England's progress to the Rugby World Cup quarter-finals has been scarred by two incidents which have led to questions about team discipline.
Martin Johnson defended the conduct of Mike Tindall and a group of players who enjoyed a drunken night out in Queenstown after England's victory over Argentina.
It emerged yesterday the England manager had angrily reprimanded James Haskell, Chris Ashton and Dylan Hartley for making lewd comments to a female staff member at their Dunedin hotel.
Cueto fired an angry broadside at what he perceived to be "horrendous" coverage of Tindall's now infamous night out in Queenstown.
But the Sale wing conceded the reaction had been a sobering lesson to the squad about the pressures of playing at a World Cup in New Zealand - and he stressed there had been no further incidents.
"There have been a couple of things gone on and in another country they may have been nothing but in this country, with the goldfish bowl we are in, it is a big deal," said Cueto.
"Whether it is naive or not, sometimes you don't quite understand it until you get amongst it.
"Things have happened.

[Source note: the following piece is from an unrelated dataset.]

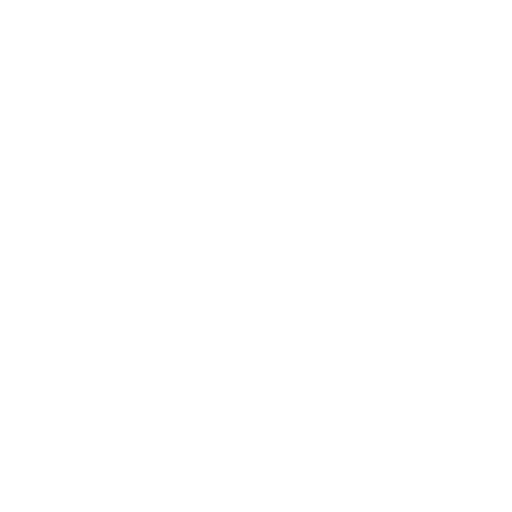 Communication Icon Communication Icon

We have learned from them. We have had to learn from them and we have improved our discipline off the field.
"I don't think standards have slipped. With the Tins thing, we are talking about a couple of guys going out for a few beers. What is wrong with that?
"If the boys can't go out and have a few beers then it is a sad world that we live in.
"It is a reality check that such a small thing can be made into such a massive deal.
"As a group of players we have spoken about it with and without the management. We know exactly where we are at now and I am sure there will be no more stories like that to come out."
Cueto missed England's final pool victory over Scotland but he is in line to start against France in
the quarter-final after Delon Armitage was today suspended for a dangerous tackle.
And he insisted the reaction to those off-field incidents would not distract England from the job at hand.
"I would have thought that would be pretty obvious. The bottom line is we are here to win the World Cup," Johnson said.